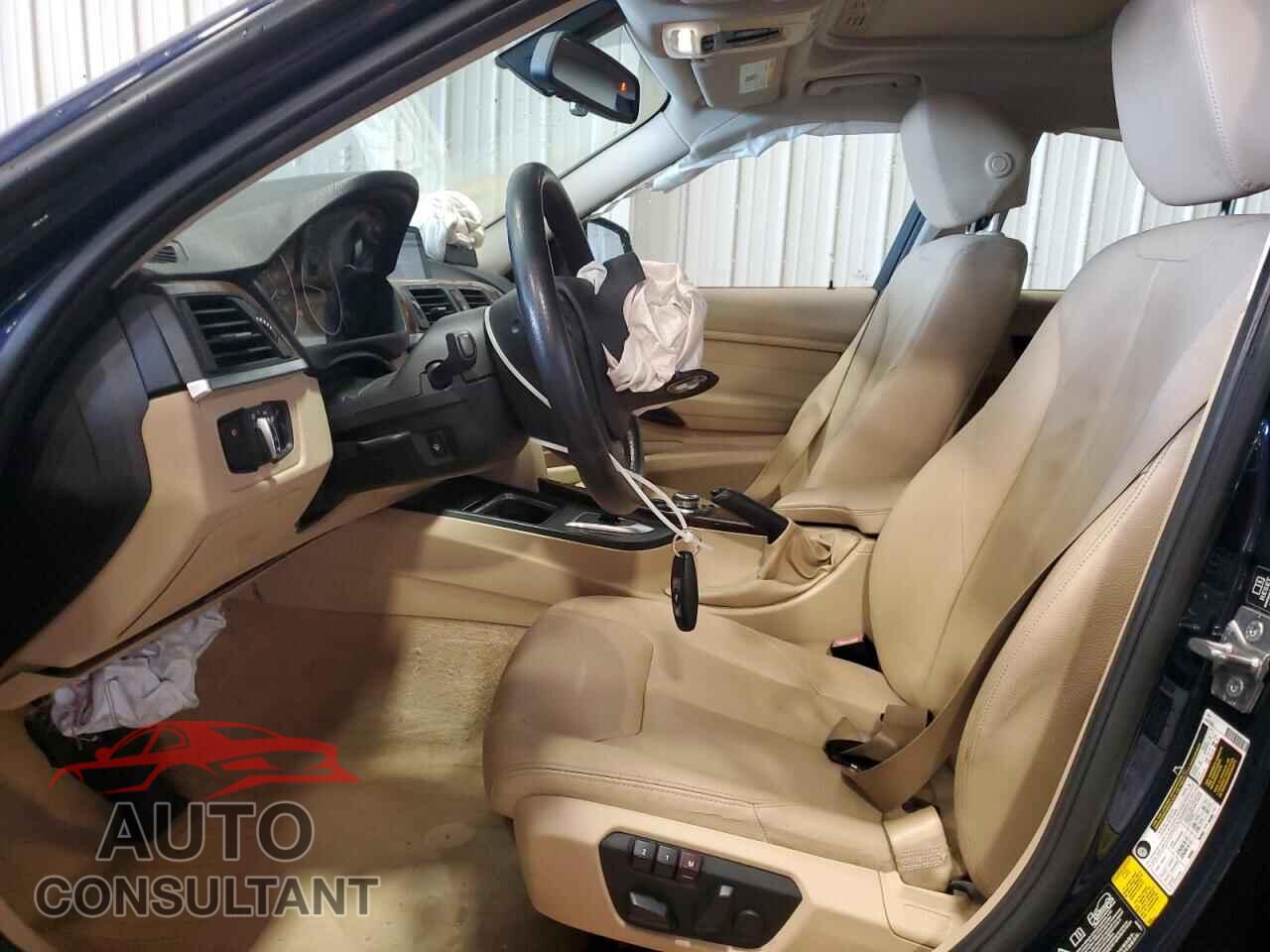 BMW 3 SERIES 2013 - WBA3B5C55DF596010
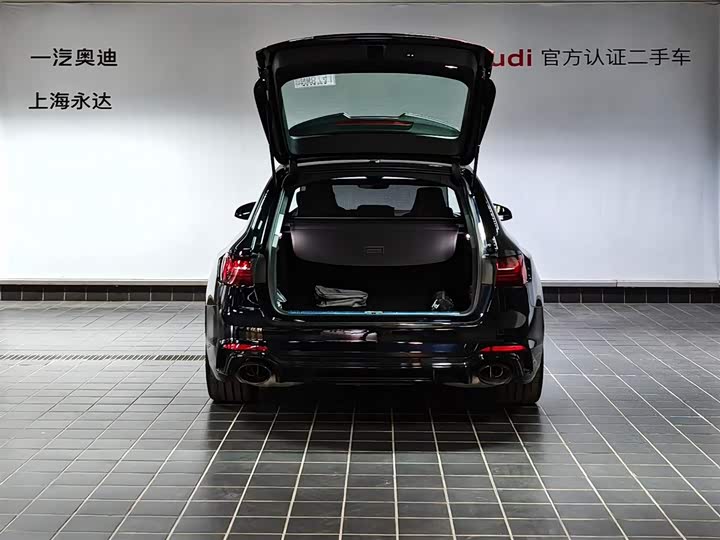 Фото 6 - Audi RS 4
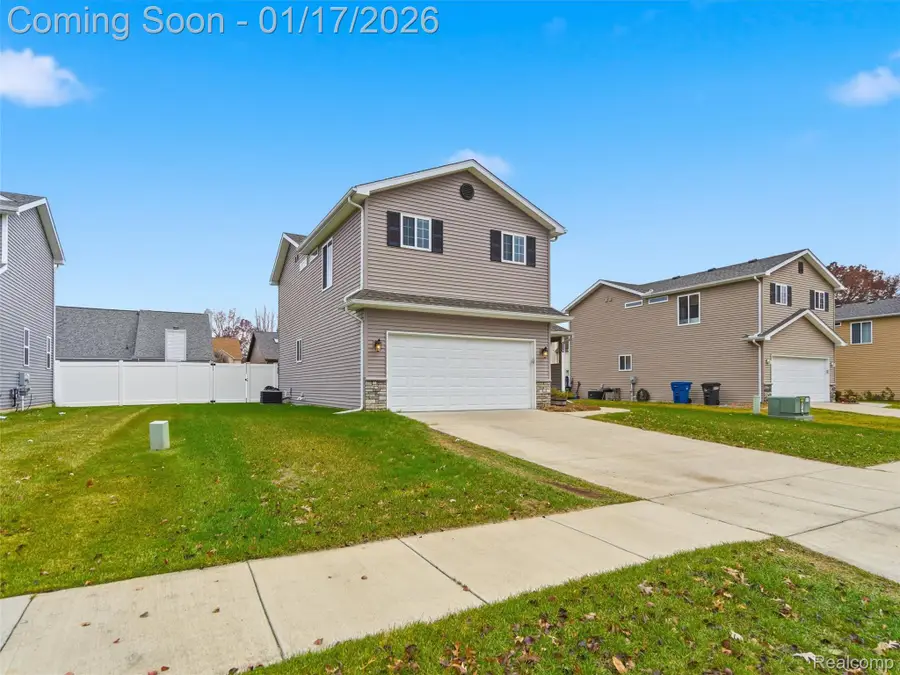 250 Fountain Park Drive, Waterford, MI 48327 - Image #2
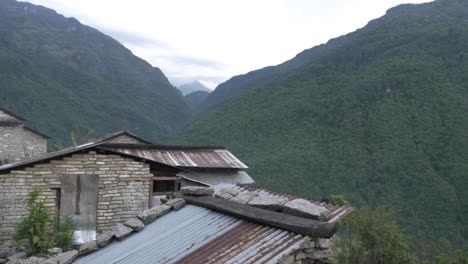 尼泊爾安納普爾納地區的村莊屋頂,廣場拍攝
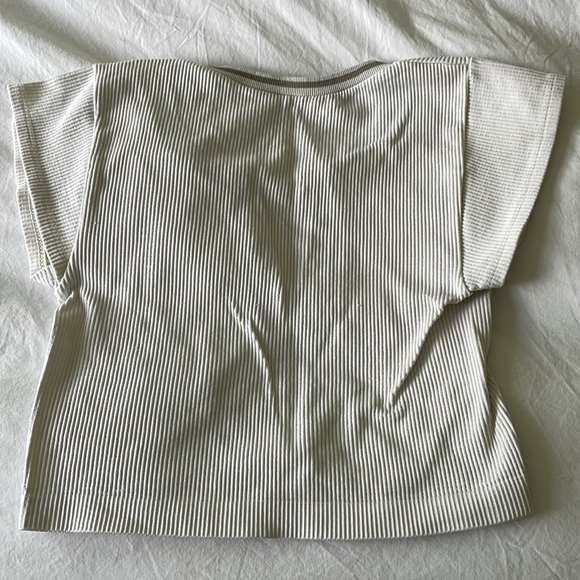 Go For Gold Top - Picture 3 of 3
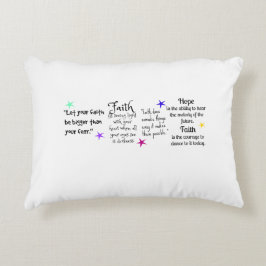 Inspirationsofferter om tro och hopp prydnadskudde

________________________________________

▶ [Exercise directions]: Omitting the pictures, copy each record above exactly as it stands.

▶ [Answer to this exercise]:
 BMW 3 SERIES 2013 - WBA3B5C55DF596010
 Фото 6 - Audi RS 4
 250 Fountain Park Drive, Waterford, MI 48327 - Image #2
 尼泊爾安納普爾納地區的村莊屋頂,廣場拍攝
 Go For Gold Top - Picture 3 of 3
 Inspirationsofferter om tro och hopp prydnadskudde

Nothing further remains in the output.